Short web captions
⁂

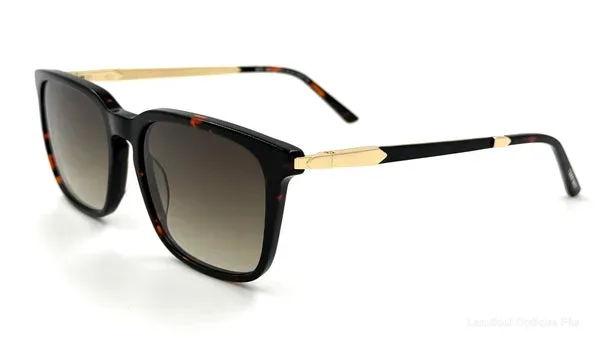 Lunettes de soleil Tom Hart SCH339 C3 - نظارات شمسية Lamtioui Fès فاس المغرب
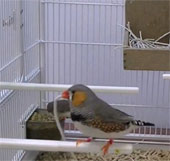 Birds can choose the best nesting material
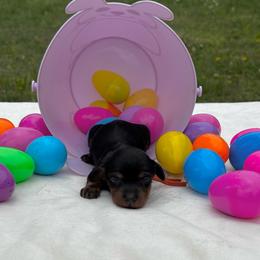 Sabrina - Black and tan female Dachshund puppy in Athens, Alabama from Weidenthal Dachshunds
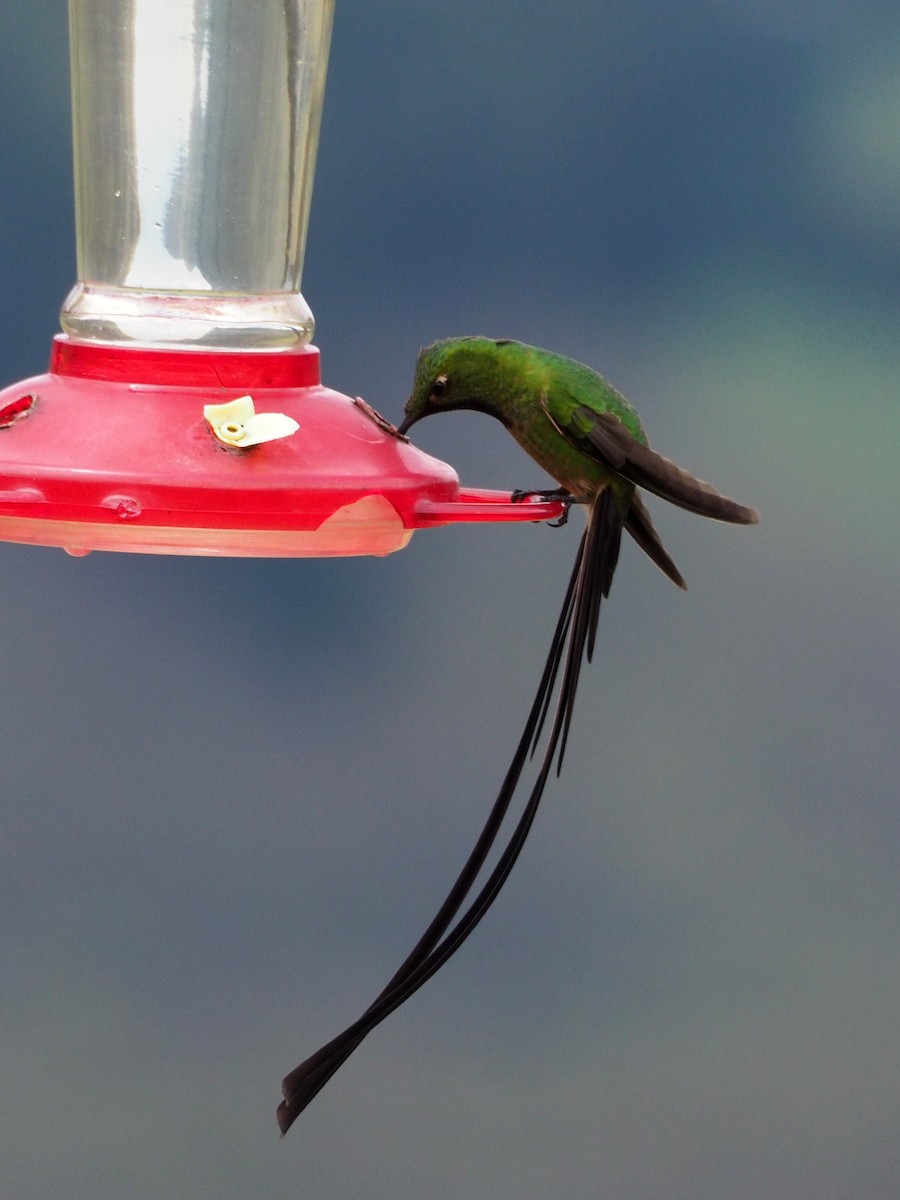 Colibrí Colilargo Mayor - ML188972321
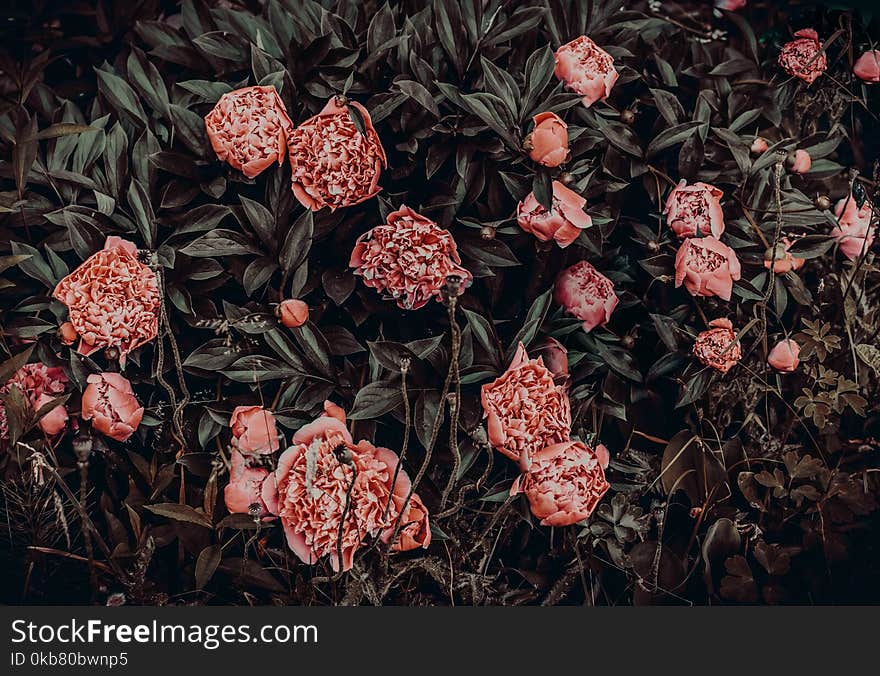 Photography of Pink Flowers Near Leaves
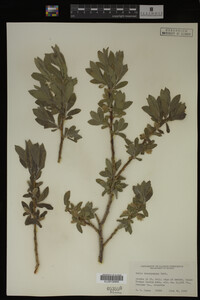 Salix brachycarpa image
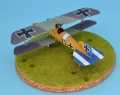 Eduard 1/48 Albatros D.V  -     B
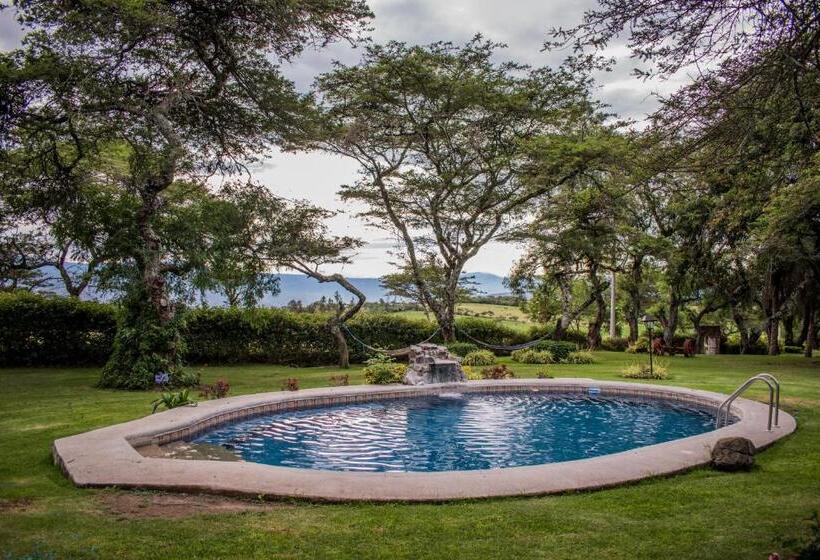 수피리어 룸, Hacienda San Francisco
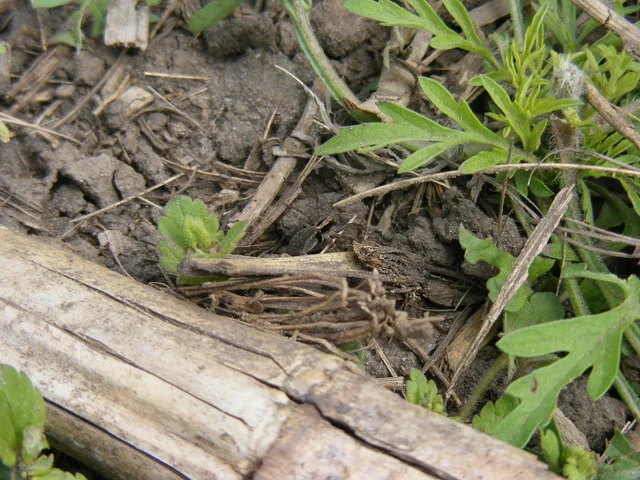 Lycosidae - farkaspókok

⁂

TASK REQUIREMENTS
In the records above, find the line containing "수피리어 룸, Hacienda San Francisco" and restate it and every line after it word for word, all pictures excluded.

REPLY TO THE EXERCISE
 수피리어 룸, Hacienda San Francisco
 Lycosidae - farkaspókok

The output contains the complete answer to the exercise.